Bisecting Floating Point Numbers

By: Shape Operator

Re-posted from: http://www.shapeoperator.com/2014/02/22/bisecting-floats/


Bisection is about the simplest algorithm there is for isolating a root of a continuous function:

  1. Start with an interval such that the function takes on oppositely signed values on the endpoints.
  2. Split the interval at its midpoint.
  3. Recurse into whichever half has endpoints on which the function takes on oppositely signed values.

After each step, the new interval is half as large as the previous interval and still contains at least one zero (by the Intermediate Value Theorem).

I want to highlight a couple of interesting issues that arise when implementing bisection in floating point arithmetic that you might miss if you just looked at the definition of the algorithm.

In Julia codeJulia treats floating point arithmetic the same way all modern programming environments do: according to the IEEE 754 standard.

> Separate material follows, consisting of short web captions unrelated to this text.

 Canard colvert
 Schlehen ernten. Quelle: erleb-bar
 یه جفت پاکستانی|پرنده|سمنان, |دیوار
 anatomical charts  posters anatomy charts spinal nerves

The examples here are in Julia because I plan to talk more about the language in the future, but everything in this post could as easily be written in any other language., a single step of bisection looks like this:

function bisect_step(fn, x1, x2)
  xm = (x1 + x2)/2

  # Return the sub-interval with
  # oppositely-signed endpoints
  if sign(fn(x1)) != sign(fn(xm))
    return x1, xm
  else
    return xm, x2
  end
end

For example,


julia> x1, x2 = bisect_step(sin, 2.0, 4.0)
(3.0,4.0)
julia> x1, x2 = bisect_step(sin, x1, x2)
(3.0,3.5)
julia> x1, x2 = bisect_step(sin, x1, x2)
(3.0,3.25)
julia> x1, x2 = bisect_step(sin, x1, x2)
(3.125,3.25)
julia> x1, x2 = bisect_step(sin, x1, x2)
(3.125,3.1875)

The first interesting question when implementing bisection is when should I stop bisecting? In pure mathematics, you can think of carrying the process on indefinitely, but a computer program should halt.

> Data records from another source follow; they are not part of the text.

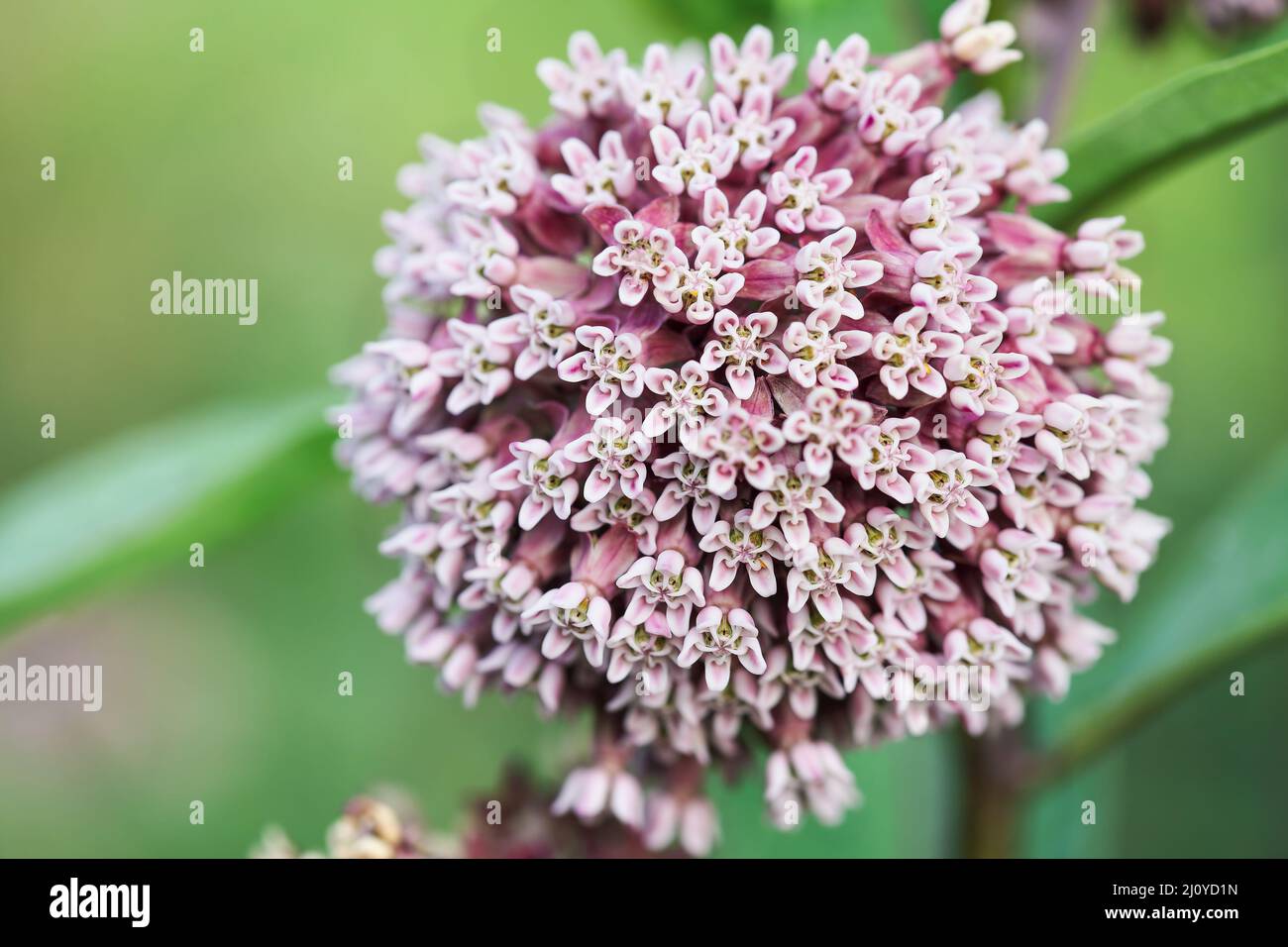 Abstract of the native plant Common milkweed, also known as Silky Swallow Wort, Butterfly Flower or Virginia Silkweed. A flower critical to the surviv Stock Photo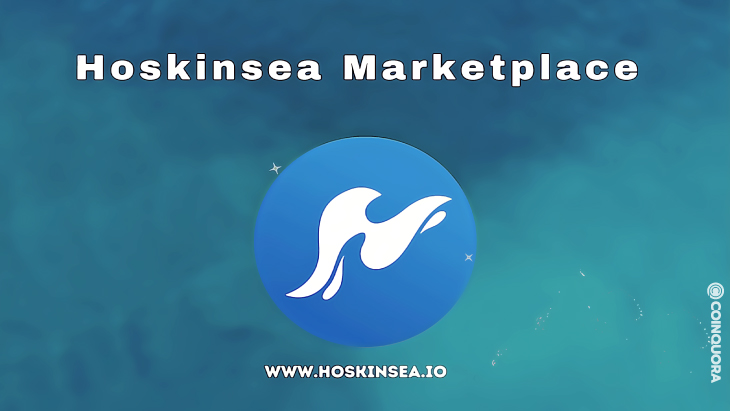 Hoskinsea Marketplace The Sundaeswap of Cardano NFTs and Digital Assets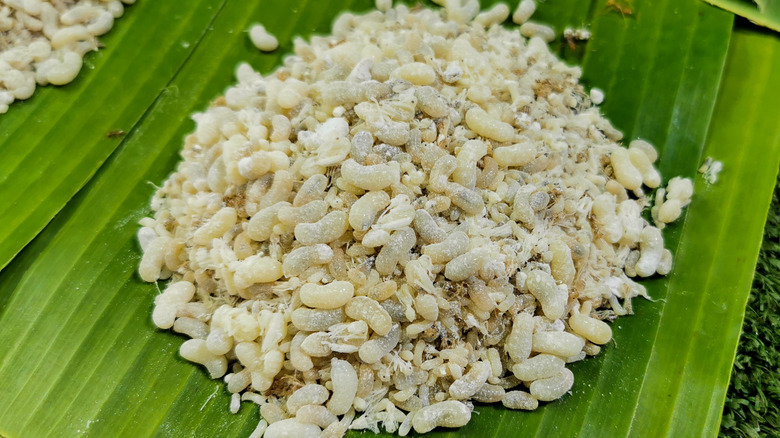 Pile of ant larvae on a leaf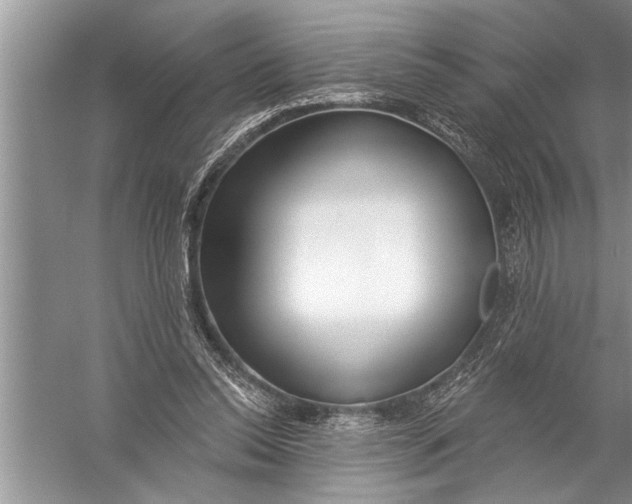 X0000057070350200510010139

Here’s a little puzzle. I claim that one of the following functions always halts, and the other can loop forever. The functions differ only in their stopping criteria. Which one is which?

function bisect1(fn, x1, x2)
  @assert sign(fn(x1)) != sign(fn(x2))
  tol = 1e-13
  # Stop when function values are below
  # a set tolerance
  while abs(fn(x1)) > tol || abs(fn(x2)) > tol
    x1, x2 = bisect_step(x1, x2, fn)
  end
  return x1, x2
end

function bisect2(fn, x1, x2)
  @assert sign(fn(x1)) != sign(fn(x2))
  # Stop when the mean of the endpoints
  # is equal to one of the endpoints
  while x1 < (x1 + x2)/2 < x2
    x1, x2 = bisect_step(x1, x2, fn)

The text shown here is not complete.